I know you believe that experimentation with LSD should be supervised, but since people are going to use it regardless of its legal status or wise usage, what advice do you have for people who are trying to make these discoveries on their own?

Stanislav Grof: What's most important, at least on a social level, is the need to recognize there is an extremely powerful drive in human nature for transcendence. The need for a transcendental experience is stronger than sex. If you study history, you find that every other culture, except the industrial civilization, honored it. They had rituals and technologies for people to access transcendental experiences in a socially-sanctioned framework, in the context of rituals, ceremonies and so on. Psychedelics have that potential. A nonordinary state has the potential to take you to the transcendental place. In other words, the motivation for those experiences is extremely strong. This is what is manifesting in the drug scene. So I believe the only way you can really counteract this taking of drugs - I'm talking here about heroin and alcohol, cocaine, crack and so on - is to offer the means to have a genuine experience. I see drug addiction and alcoholism as a very unfortunate and misguided effort to reach transcendence. It is coming from a transcendental need, and the only way you can counteract it, is to open up channels to a pure, clean spiritual experience.
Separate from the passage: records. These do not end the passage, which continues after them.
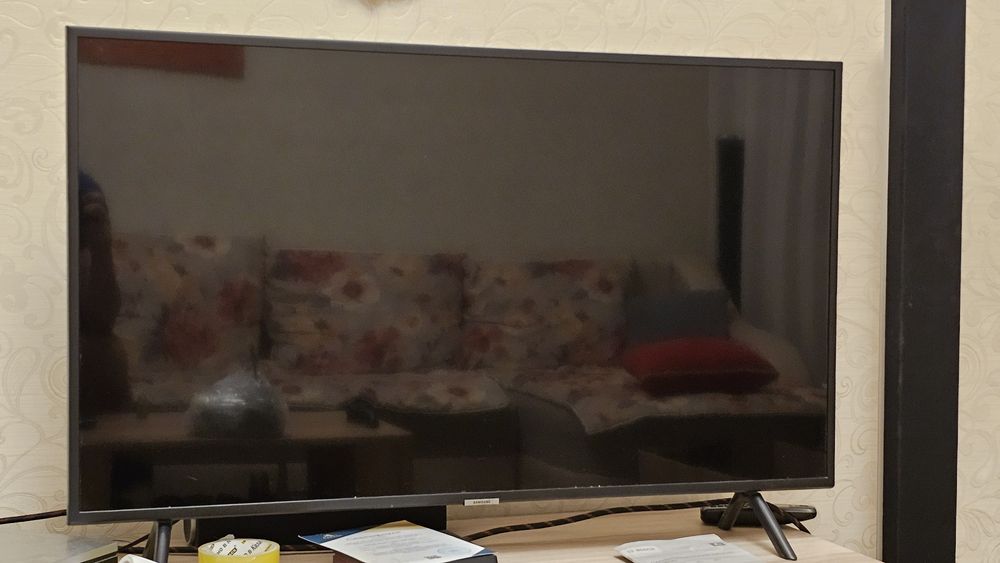 Телевизор Samsung UE43NU7170U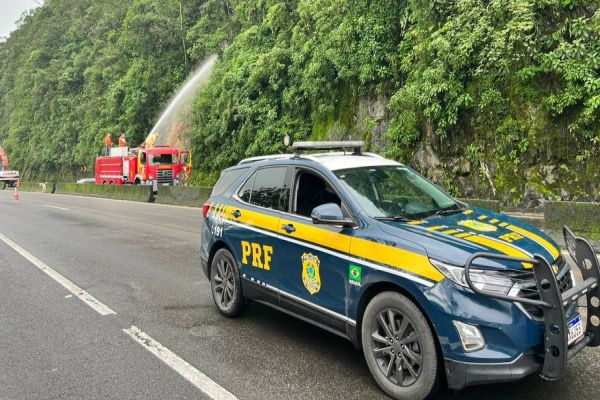 Imagem referente a notícia: Limpezas são realizadas na rodovia BR-277 em Morretes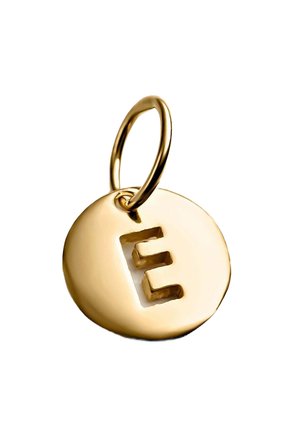 Colgante circular de oro con una "E" estilizada en relieve, que presenta una superficie lisa y un bucle de metal para su sujeción.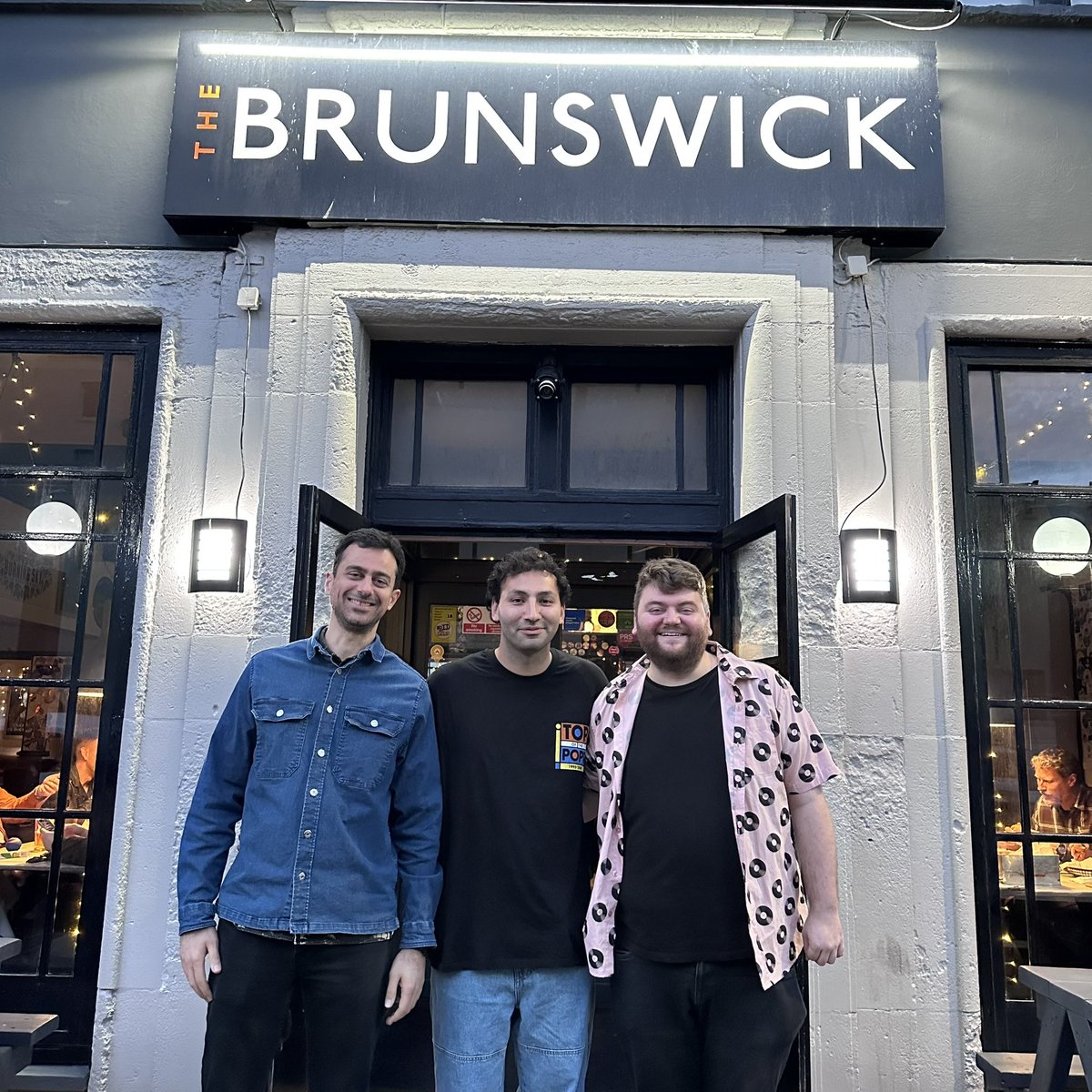fondofrudy's tweet photo. Here we go Brighton ๐ป
Tonight at 10.30pm
Free entry @Brunswickpub
Weโre headlining the @OffAxisNetwork stage
Pop down and groove to some indie pop goodness ๐ท
#greatescape #altescape #alternativeescape #freeentry https://t.co/Qccj9UZtam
If it's true there is this powerful transcendental pull in people, some kind of silly program like "Just Say No" is simply ridiculous. If I say the drive is more powerful than sex, you can compare it with a situation in the sexual realm. What success would you have with a program trying to eliminate masturbation through a campaign of "Just Say No." The only way you can influence masturbation is to open up the way to adult sexuality, because behind it is a very powerful drive. To the extent there is a transcendental drive behind drug taking, the only way to influence it is to open the way to mature spirituality.